▶ [About this exercise] Transcribe each line below verbatim; pictures excluded.

▶ [Given information]
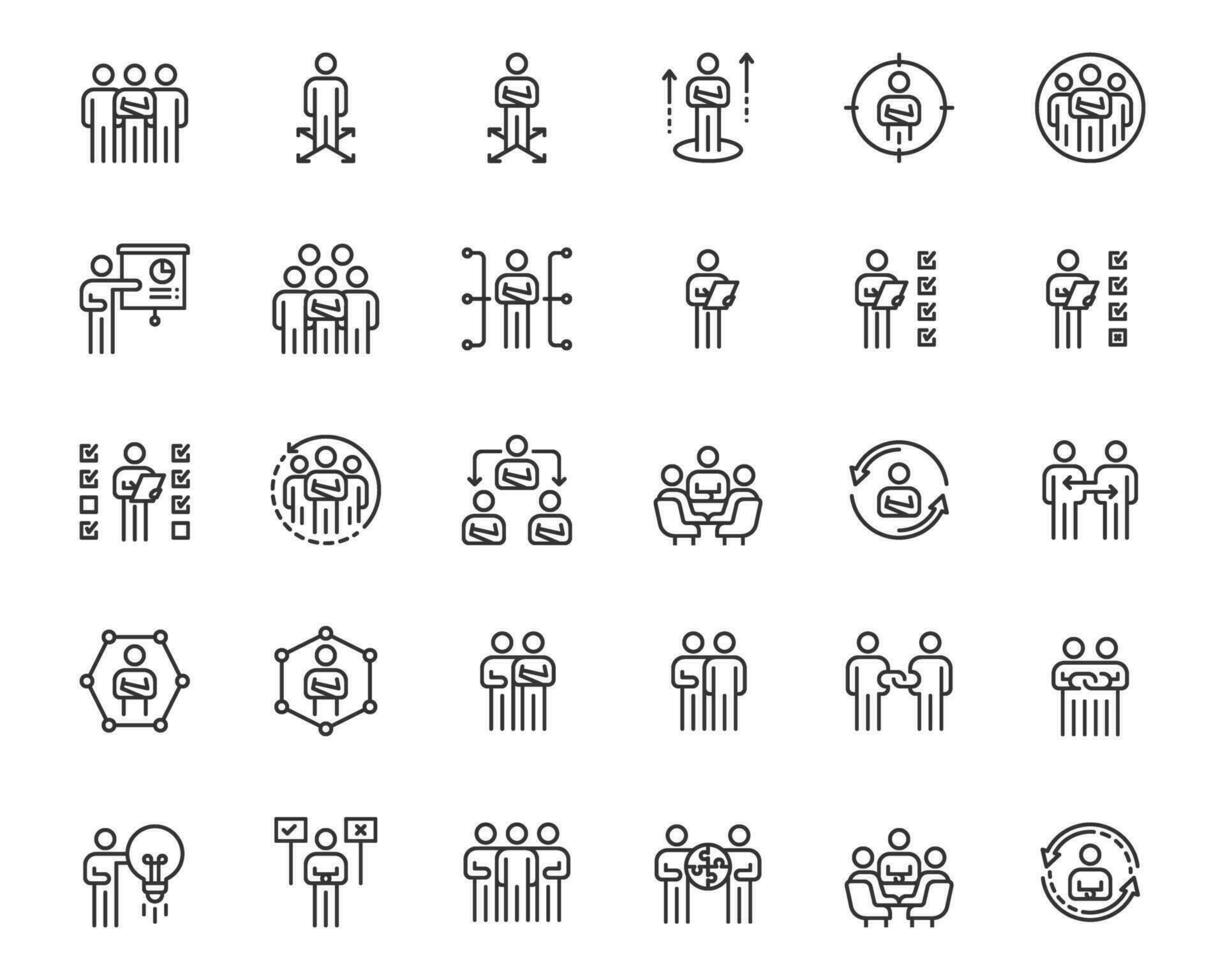 people icons business process, human resource management,  meeting work group team , icon line vector design elements pictograms and infographics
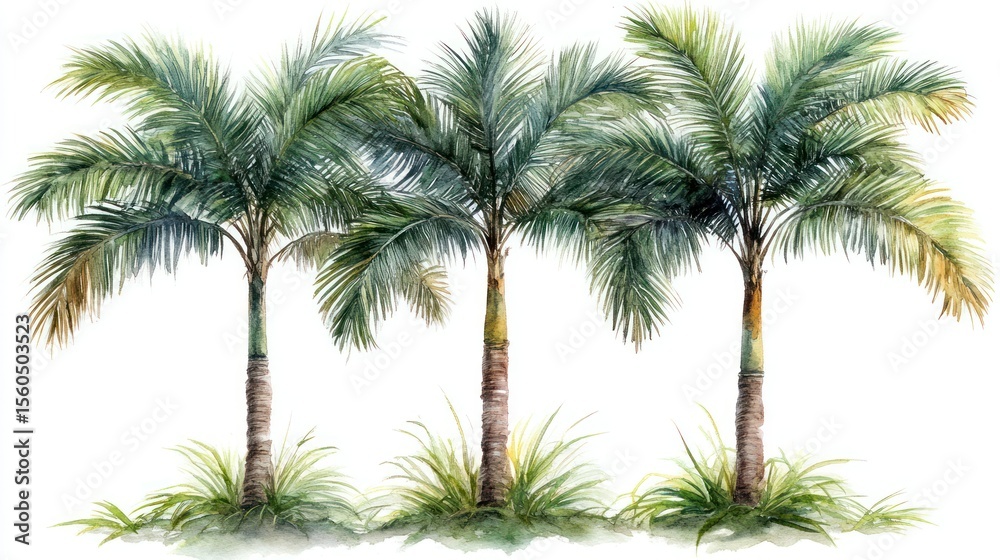 Naklejka premium Watercolor Painting of Three Palm Trees
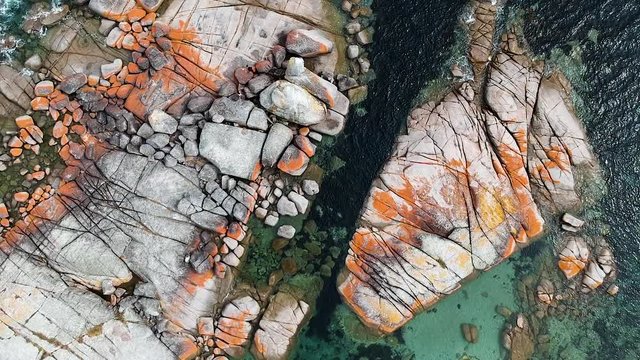 Aerial of Bay of Fires bright orange rocks with waves in rock pools in the sea. Binalong Bay, Tasmania, Australia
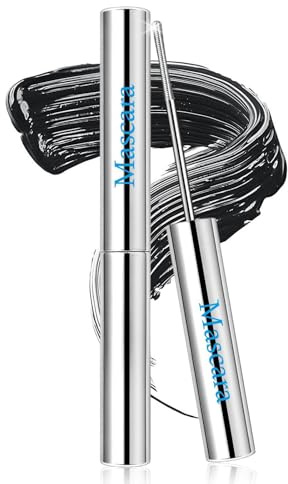 Noerrors Metall Eisen Mascara Zauberstab, Schwarze 3D Locken Volumen Mascara für natürliche und definierte Wimpern, extra schlanke nicht-klumpige abwaschbare borstenlose Bürste Farbstoff Augenwimpern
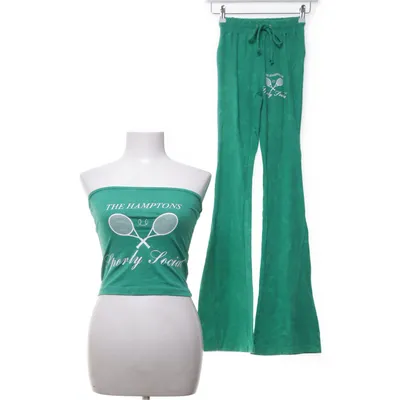 Set (Grön, Vit) från Fashion Nova Bomull, Elastan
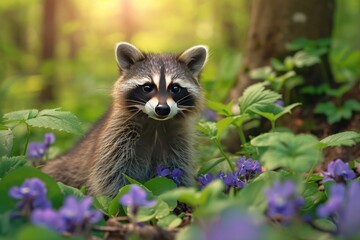 Funny raccoon in spring flowers. Wild animal in the forest. Cute creature. Springtime beauty. Spring nature concept with copy space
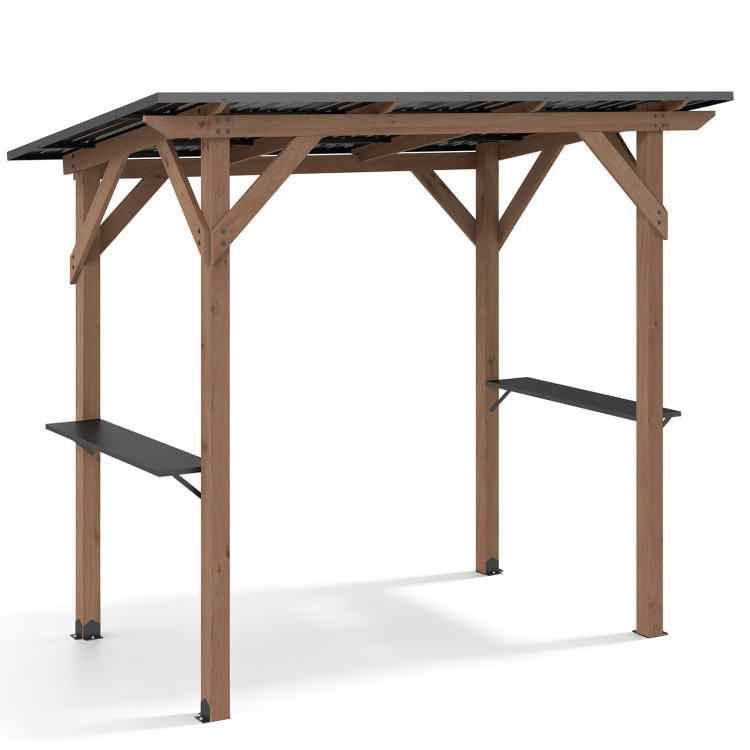 8.6 FT x 5 FT Grill Gazebo Cedar Wood BBQ Gazebo with 2 Side Serving Shelves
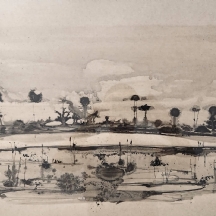 'דרדרי ביצה' - ציור ישן, אקוורל על נייר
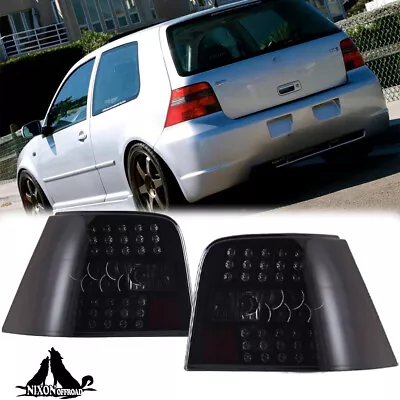 For 1999-2004 Volkswagen Golf MK4/GTI LED Tail Lights Black Brake Lamps Smoke • $156.99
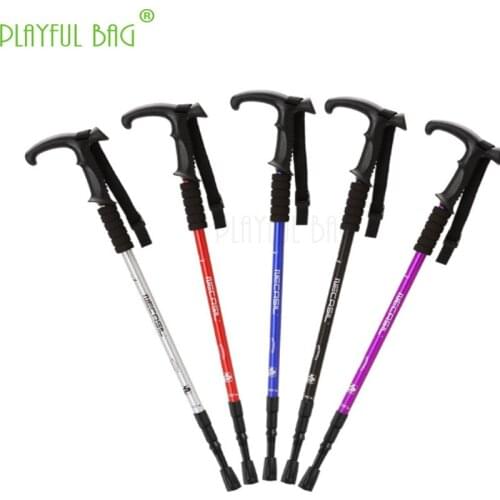 Outdoor three section T bent handle 6061 Mountaineering Cane Internal Lock Shock Absorbing Spring Bending Handle Cane ZK04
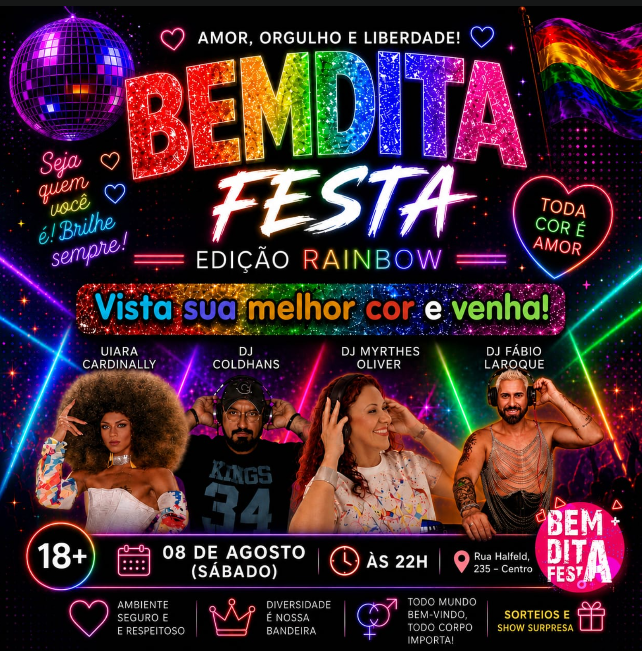 Cartaz do evento parceiro Bendita Festa — Edição Rainbow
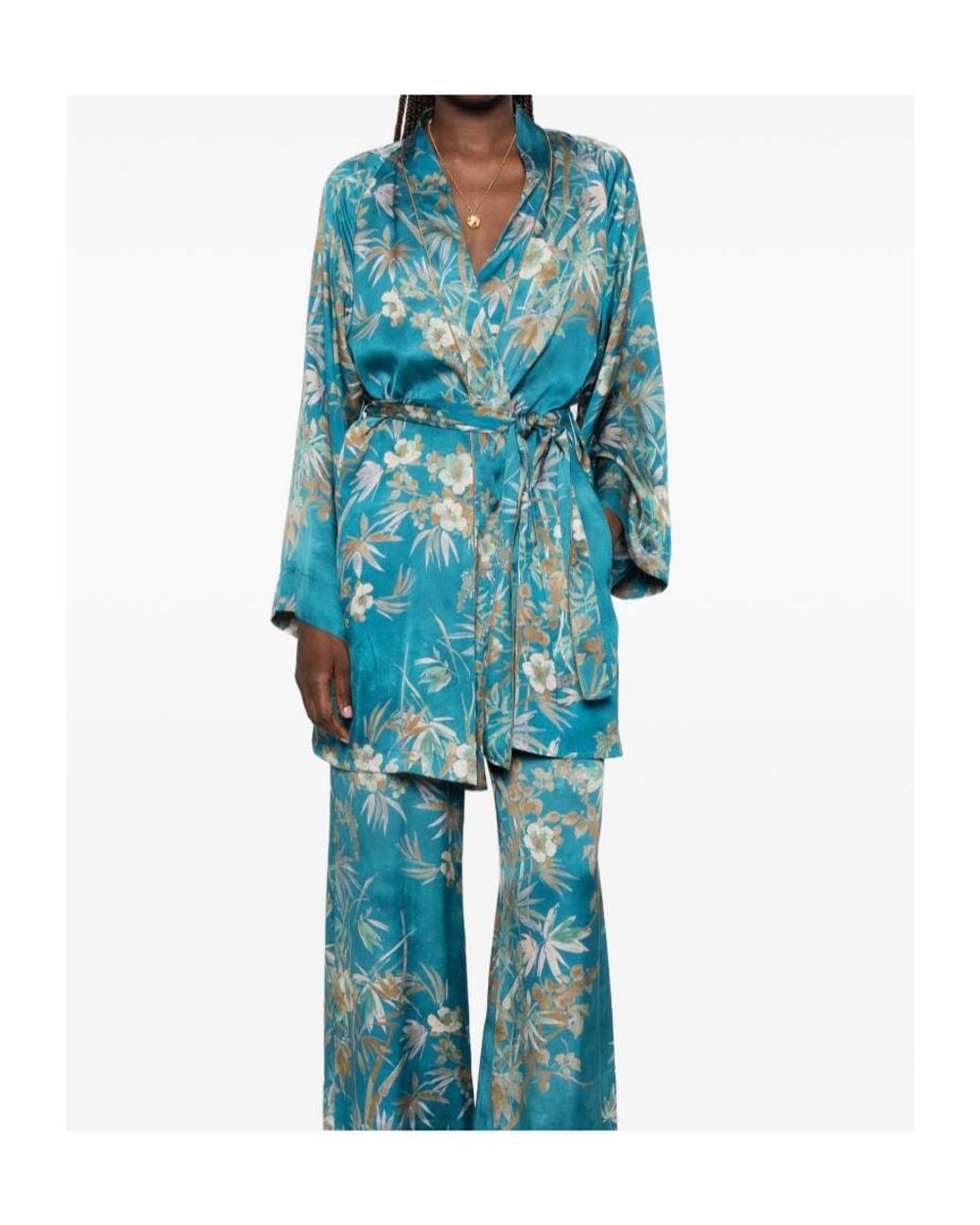 Forte_forte Blue Floral-Print Belted Jacket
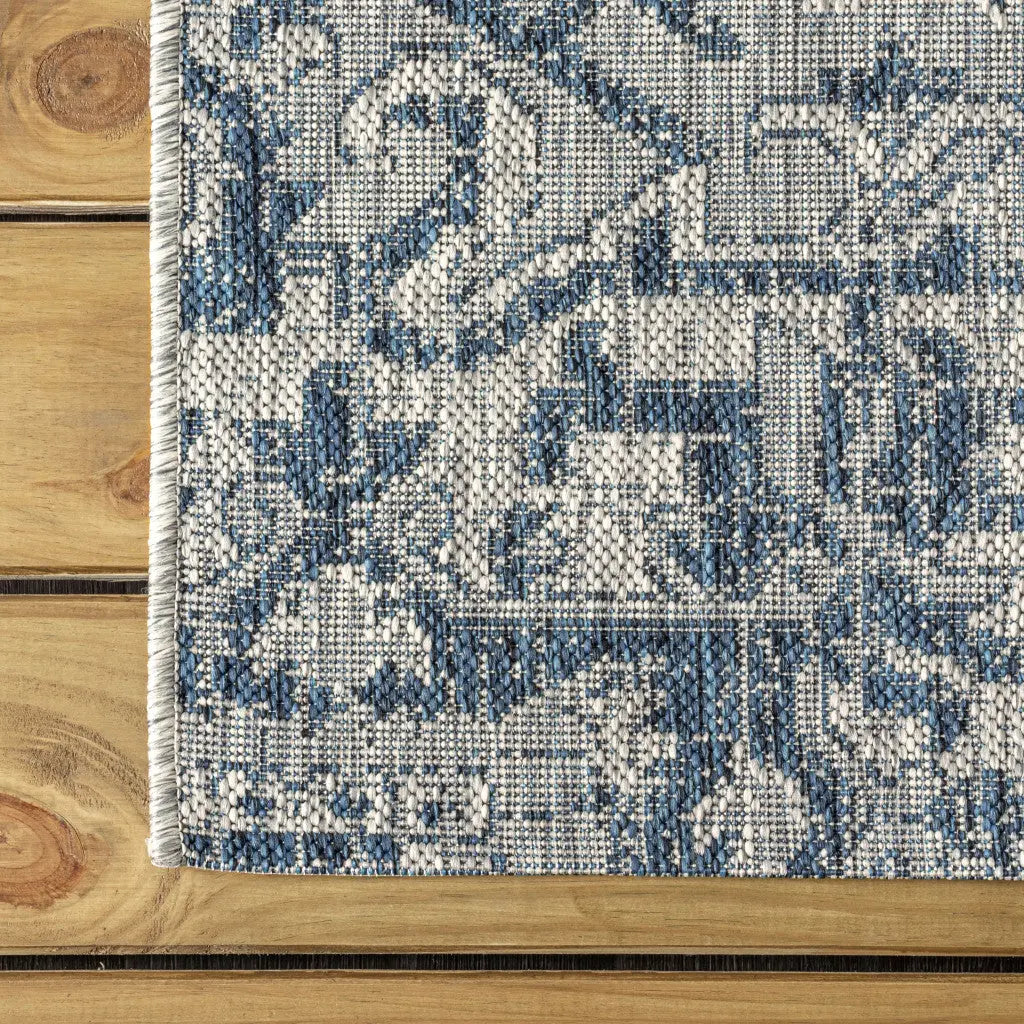 6' Navy Blue And Gray Square Medallion Indoor Outdoor Area Rug - GreatEagleInc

▶ [Your solution]
 people icons business process, human resource management,  meeting work group team , icon line vector design elements pictograms and infographics
 Naklejka premium Watercolor Painting of Three Palm Trees
 Aerial of Bay of Fires bright orange rocks with waves in rock pools in the sea. Binalong Bay, Tasmania, Australia
 Noerrors Metall Eisen Mascara Zauberstab, Schwarze 3D Locken Volumen Mascara für natürliche und definierte Wimpern, extra schlanke nicht-klumpige abwaschbare borstenlose Bürste Farbstoff Augenwimpern
 Set (Grön, Vit) från Fashion Nova Bomull, Elastan
 Funny raccoon in spring flowers. Wild animal in the forest. Cute creature. Springtime beauty. Spring nature concept with copy space
 8.6 FT x 5 FT Grill Gazebo Cedar Wood BBQ Gazebo with 2 Side Serving Shelves
 'דרדרי ביצה' - ציור ישן, אקוורל על נייר
 For 1999-2004 Volkswagen Golf MK4/GTI LED Tail Lights Black Brake Lamps Smoke • $156.99
 Outdoor three section T bent handle 6061 Mountaineering Cane Internal Lock Shock Absorbing Spring Bending Handle Cane ZK04
 Cartaz do evento parceiro Bendita Festa — Edição Rainbow
 Forte_forte Blue Floral-Print Belted Jacket
 6' Navy Blue And Gray Square Medallion Indoor Outdoor Area Rug - GreatEagleInc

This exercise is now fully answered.